5. Key Mitigations (Mapped to Threats)

M1: Compartmentalization (CORE/FETCH/TOOL-EXEC)

Mitigates end-to-end compromise by ensuring no single component:

  • both browses and executes
  • both reasons and acts

M2: Network Topology Enforcement

  • CORE has no internet route
  • FETCH only via allowlisted proxy
  • TOOL-EXEC no network by default

Mitigates exfiltration and unauthorized retrieval.

M3: Deterministic Validation + Quarantine

  • Research Packets must match strict schema
  • Tool results must match strict schema
  • Rejections go to quarantine; CORE never consumes them

Mitigates indirect injection and “format smuggling.”
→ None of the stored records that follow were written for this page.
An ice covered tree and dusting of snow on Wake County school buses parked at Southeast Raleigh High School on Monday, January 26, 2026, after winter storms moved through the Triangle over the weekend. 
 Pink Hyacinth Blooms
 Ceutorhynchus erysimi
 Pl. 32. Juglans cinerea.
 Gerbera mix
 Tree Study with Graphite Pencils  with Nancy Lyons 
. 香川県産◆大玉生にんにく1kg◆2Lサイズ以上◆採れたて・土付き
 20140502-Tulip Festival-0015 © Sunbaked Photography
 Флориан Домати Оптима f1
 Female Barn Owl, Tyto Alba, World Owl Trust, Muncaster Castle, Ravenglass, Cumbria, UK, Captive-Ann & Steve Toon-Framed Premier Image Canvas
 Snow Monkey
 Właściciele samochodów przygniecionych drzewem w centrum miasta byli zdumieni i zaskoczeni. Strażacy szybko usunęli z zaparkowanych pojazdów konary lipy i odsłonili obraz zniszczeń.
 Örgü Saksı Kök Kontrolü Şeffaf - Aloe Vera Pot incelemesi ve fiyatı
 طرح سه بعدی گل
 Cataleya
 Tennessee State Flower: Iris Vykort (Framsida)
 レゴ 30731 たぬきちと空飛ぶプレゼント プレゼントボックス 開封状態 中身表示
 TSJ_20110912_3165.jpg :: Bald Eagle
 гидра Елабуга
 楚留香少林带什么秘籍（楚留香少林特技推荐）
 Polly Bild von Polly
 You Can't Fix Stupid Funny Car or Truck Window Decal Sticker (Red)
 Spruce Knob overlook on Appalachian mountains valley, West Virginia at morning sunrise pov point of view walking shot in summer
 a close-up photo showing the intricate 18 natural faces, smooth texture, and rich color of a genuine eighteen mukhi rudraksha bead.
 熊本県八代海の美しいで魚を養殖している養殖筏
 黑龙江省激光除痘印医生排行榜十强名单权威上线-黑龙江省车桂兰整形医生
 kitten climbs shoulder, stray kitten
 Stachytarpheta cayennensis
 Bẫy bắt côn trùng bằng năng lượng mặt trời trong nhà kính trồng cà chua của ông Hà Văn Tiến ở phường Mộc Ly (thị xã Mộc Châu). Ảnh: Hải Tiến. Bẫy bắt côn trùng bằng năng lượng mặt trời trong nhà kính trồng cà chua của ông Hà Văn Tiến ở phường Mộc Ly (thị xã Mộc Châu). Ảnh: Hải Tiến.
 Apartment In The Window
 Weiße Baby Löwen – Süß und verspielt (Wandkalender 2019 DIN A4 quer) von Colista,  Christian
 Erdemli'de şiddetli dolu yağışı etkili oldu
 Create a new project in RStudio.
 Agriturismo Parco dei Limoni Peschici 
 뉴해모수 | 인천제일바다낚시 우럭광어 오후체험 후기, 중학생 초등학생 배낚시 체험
M4: Human Approval Gate for Execution

  • CORE may draft requests, but cannot execute
  • Human must promote execution requests into TOOL-EXEC
  • Every execution is logged

Mitigates automated tool abuse.

M5: Read-Only Policy Mounts and Immutable Configuration

  • Policy files mounted read-only into containers
  • Configuration changes require explicit operator action

Mitigates self-modification and persistence via prompt.

  • Pin image digests
  • Verify releases (hash/signature where possible)
  • Keep minimal base images
  • Prefer reproducible builds

Mitigates tampered artifacts.


6. Explicit Out-of-Scope Threats

ThreeGate does not attempt to mitigate:

  • Hardware fault induction (e.g., RowHammer)
  • Microarchitectural side channels
  • Kernel/firmware compromise
  • Hostile multi-tenant co-residency scenarios

These threats are not aligned with the intended single-user local operating assumptions.


7. Residual Risks

Even with compartmentalization, residual risks include:

  • User approving unsafe execution requests
  • Allowlist misconfiguration enabling exfiltration channels
  • Supply-chain compromise of container images or binaries
  • Weak local host hygiene (unpatched kernel, insecure Docker daemon)

ThreeGate reduces consequences, but cannot replace operator diligence.


8. Security Posture Summary

ThreeGate assumes model fallibility and focuses on:

  • strict separation of duties
  • deterministic validation
  • constrained connectivity
  • human-gated execution
  • auditable workflows